The reduction was agreed at a full council meeting earlier, during which the budget for 2013-14 was set.
The Conservative led authority is responsible for about 80% of local government spending, with the other local authorities providing the rest.
Funding for 48 new police community support officers, at a cost of £3.7m, was also announced during the meeting.
The £15m of investment plans, announced at County Hall in Preston, include a new £5m dementia centre at an as yet unconfirmed location.
A further £3.3m was allocated for a training and support programme to help people who have been made redundant.
In addition £1m will be provided for young people's services, with another £1m used to install toilets in major centres across Lancashire for people with severe learning disabilities.
Council leader Geoff Driver said: "It has been a tough period for local government and there are even more difficult times ahead, but people across Lancashire are having a difficult time financially too and we want to do what we can to help.
"The county council has managed its finances very well despite huge reductions in funding and that has put us in a strong enough position to cut council tax while announcing new investments and continuing to make savings."

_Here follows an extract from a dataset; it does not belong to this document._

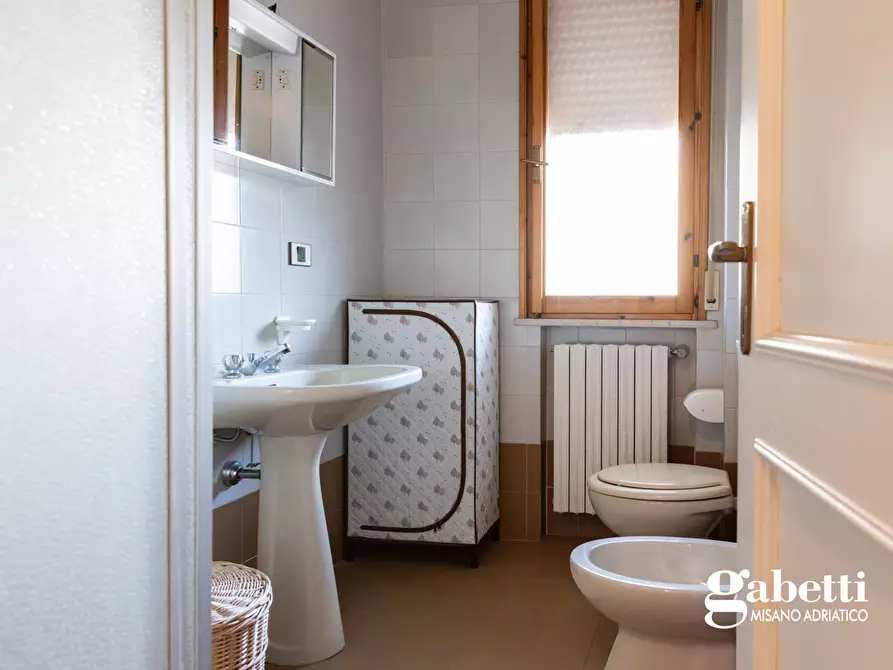 Immagine 13 di Appartamento in vendita  in Viale Gabriele D'Annunzio, 183 a Riccione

Jennifer Mein, Labour group leader on the council, described the move as a "surprise announcement".
She said: "It's a blanket bribe to the electorate - the [local council] election is ten weeks away and I'm positive the people of Lancashire will not fall for this bribe."

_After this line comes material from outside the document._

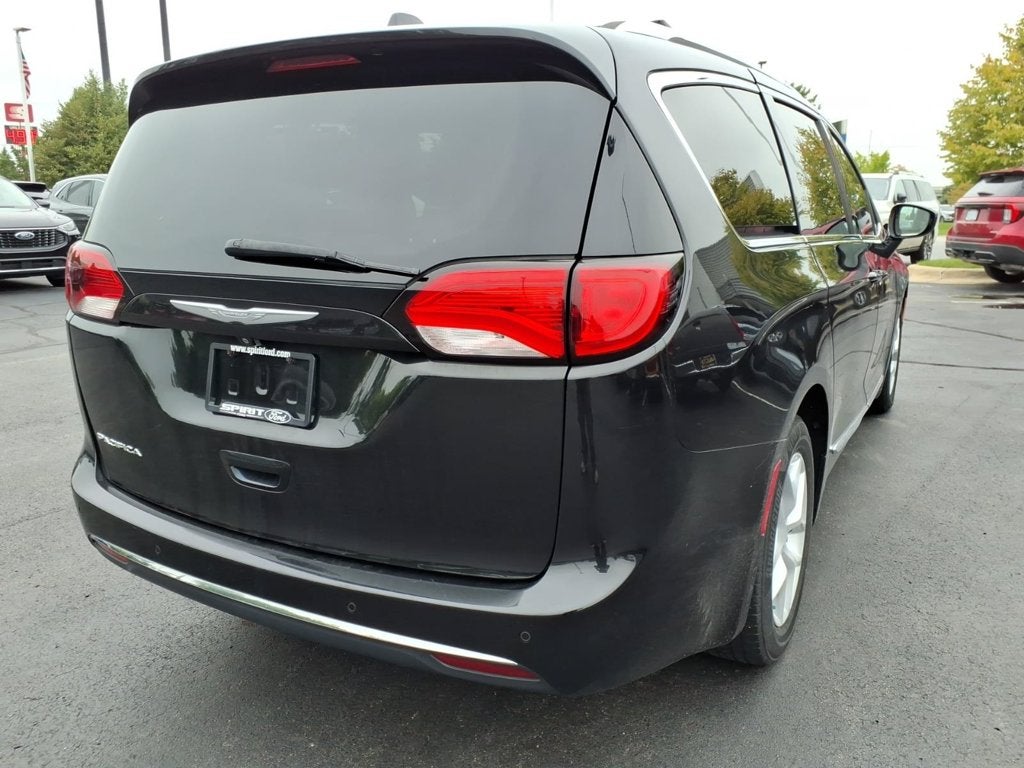 2017 Chrysler Pacifica Touring L Plus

Professor Bill Winlow, Liberal Democrat group leader on the council, called the move "electioneering".
He said: "The big issue is that by cutting council tax like this, you end up creating a hole in future years which you have to somehow fill.
"In a few years time, we are probably going to have to start putting up council tax rather more than one would have expected".
The council is currently carrying out a three-year savings programme, during which it will spend £215m less on management and administration.